Task to complete:
Your response needs to be the data below, retyped exactly.

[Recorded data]
****************************************

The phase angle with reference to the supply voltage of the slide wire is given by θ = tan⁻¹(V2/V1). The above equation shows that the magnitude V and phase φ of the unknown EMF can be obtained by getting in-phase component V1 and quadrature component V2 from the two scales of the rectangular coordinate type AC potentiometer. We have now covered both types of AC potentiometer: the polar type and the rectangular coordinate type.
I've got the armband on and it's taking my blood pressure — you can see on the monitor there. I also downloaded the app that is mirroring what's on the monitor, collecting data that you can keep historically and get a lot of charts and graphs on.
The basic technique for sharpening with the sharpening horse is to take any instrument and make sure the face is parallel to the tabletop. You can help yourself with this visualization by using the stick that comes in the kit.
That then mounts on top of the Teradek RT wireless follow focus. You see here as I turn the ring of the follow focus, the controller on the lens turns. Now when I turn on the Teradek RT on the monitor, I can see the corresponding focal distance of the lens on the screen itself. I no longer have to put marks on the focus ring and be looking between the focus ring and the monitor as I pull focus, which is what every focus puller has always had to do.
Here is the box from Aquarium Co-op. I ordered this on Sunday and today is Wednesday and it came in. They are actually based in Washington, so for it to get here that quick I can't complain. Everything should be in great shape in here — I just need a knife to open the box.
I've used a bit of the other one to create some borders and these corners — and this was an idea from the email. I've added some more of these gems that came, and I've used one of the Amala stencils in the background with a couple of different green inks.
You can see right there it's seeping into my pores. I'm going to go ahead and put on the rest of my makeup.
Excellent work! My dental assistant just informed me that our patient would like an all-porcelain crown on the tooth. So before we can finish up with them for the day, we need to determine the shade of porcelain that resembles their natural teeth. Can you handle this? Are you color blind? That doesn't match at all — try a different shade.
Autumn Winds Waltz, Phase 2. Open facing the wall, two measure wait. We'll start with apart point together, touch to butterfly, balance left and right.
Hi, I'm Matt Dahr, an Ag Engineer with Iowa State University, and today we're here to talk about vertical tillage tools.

****************************************

Solved problem:
The phase angle with reference to the supply voltage of the slide wire is given by θ = tan⁻¹(V2/V1). The above equation shows that the magnitude V and phase φ of the unknown EMF can be obtained by getting in-phase component V1 and quadrature component V2 from the two scales of the rectangular coordinate type AC potentiometer. We have now covered both types of AC potentiometer: the polar type and the rectangular coordinate type.
I've got the armband on and it's taking my blood pressure — you can see on the monitor there. I also downloaded the app that is mirroring what's on the monitor, collecting data that you can keep historically and get a lot of charts and graphs on.
The basic technique for sharpening with the sharpening horse is to take any instrument and make sure the face is parallel to the tabletop. You can help yourself with this visualization by using the stick that comes in the kit.
That then mounts on top of the Teradek RT wireless follow focus. You see here as I turn the ring of the follow focus, the controller on the lens turns. Now when I turn on the Teradek RT on the monitor, I can see the corresponding focal distance of the lens on the screen itself. I no longer have to put marks on the focus ring and be looking between the focus ring and the monitor as I pull focus, which is what every focus puller has always had to do.
Here is the box from Aquarium Co-op. I ordered this on Sunday and today is Wednesday and it came in. They are actually based in Washington, so for it to get here that quick I can't complain. Everything should be in great shape in here — I just need a knife to open the box.
I've used a bit of the other one to create some borders and these corners — and this was an idea from the email. I've added some more of these gems that came, and I've used one of the Amala stencils in the background with a couple of different green inks.
You can see right there it's seeping into my pores. I'm going to go ahead and put on the rest of my makeup.
Excellent work! My dental assistant just informed me that our patient would like an all-porcelain crown on the tooth. So before we can finish up with them for the day, we need to determine the shade of porcelain that resembles their natural teeth. Can you handle this? Are you color blind? That doesn't match at all — try a different shade.
Autumn Winds Waltz, Phase 2. Open facing the wall, two measure wait. We'll start with apart point together, touch to butterfly, balance left and right.
Hi, I'm Matt Dahr, an Ag Engineer with Iowa State University, and today we're here to talk about vertical tillage tools.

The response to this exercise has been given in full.